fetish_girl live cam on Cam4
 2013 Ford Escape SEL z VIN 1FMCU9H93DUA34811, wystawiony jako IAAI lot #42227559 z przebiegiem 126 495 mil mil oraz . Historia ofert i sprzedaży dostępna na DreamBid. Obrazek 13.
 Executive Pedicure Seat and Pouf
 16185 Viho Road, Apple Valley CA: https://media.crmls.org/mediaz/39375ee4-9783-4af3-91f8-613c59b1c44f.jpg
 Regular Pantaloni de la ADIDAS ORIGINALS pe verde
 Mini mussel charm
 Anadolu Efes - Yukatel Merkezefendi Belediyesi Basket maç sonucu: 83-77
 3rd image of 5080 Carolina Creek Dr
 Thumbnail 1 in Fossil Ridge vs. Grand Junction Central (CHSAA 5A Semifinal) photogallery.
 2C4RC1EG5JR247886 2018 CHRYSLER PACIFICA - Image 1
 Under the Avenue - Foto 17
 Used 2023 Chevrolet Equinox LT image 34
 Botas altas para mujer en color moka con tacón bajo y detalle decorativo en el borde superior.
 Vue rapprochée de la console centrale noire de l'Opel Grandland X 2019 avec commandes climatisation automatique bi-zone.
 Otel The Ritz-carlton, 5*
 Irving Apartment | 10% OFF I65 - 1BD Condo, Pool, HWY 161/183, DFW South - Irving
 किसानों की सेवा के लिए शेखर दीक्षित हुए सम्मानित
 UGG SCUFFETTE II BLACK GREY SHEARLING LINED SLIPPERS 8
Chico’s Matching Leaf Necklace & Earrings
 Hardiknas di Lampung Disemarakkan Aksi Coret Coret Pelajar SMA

....

Problem statement — Write the data out again in full and exactly.

Exercise response —
fetish_girl live cam on Cam4
 2013 Ford Escape SEL z VIN 1FMCU9H93DUA34811, wystawiony jako IAAI lot #42227559 z przebiegiem 126 495 mil mil oraz . Historia ofert i sprzedaży dostępna na DreamBid. Obrazek 13.
 Executive Pedicure Seat and Pouf
 16185 Viho Road, Apple Valley CA: https://media.crmls.org/mediaz/39375ee4-9783-4af3-91f8-613c59b1c44f.jpg
 Regular Pantaloni de la ADIDAS ORIGINALS pe verde
 Mini mussel charm
 Anadolu Efes - Yukatel Merkezefendi Belediyesi Basket maç sonucu: 83-77
 3rd image of 5080 Carolina Creek Dr
 Thumbnail 1 in Fossil Ridge vs. Grand Junction Central (CHSAA 5A Semifinal) photogallery.
 2C4RC1EG5JR247886 2018 CHRYSLER PACIFICA - Image 1
 Under the Avenue - Foto 17
 Used 2023 Chevrolet Equinox LT image 34
 Botas altas para mujer en color moka con tacón bajo y detalle decorativo en el borde superior.
 Vue rapprochée de la console centrale noire de l'Opel Grandland X 2019 avec commandes climatisation automatique bi-zone.
 Otel The Ritz-carlton, 5*
 Irving Apartment | 10% OFF I65 - 1BD Condo, Pool, HWY 161/183, DFW South - Irving
 किसानों की सेवा के लिए शेखर दीक्षित हुए सम्मानित
 UGG SCUFFETTE II BLACK GREY SHEARLING LINED SLIPPERS 8
Chico’s Matching Leaf Necklace & Earrings
 Hardiknas di Lampung Disemarakkan Aksi Coret Coret Pelajar SMA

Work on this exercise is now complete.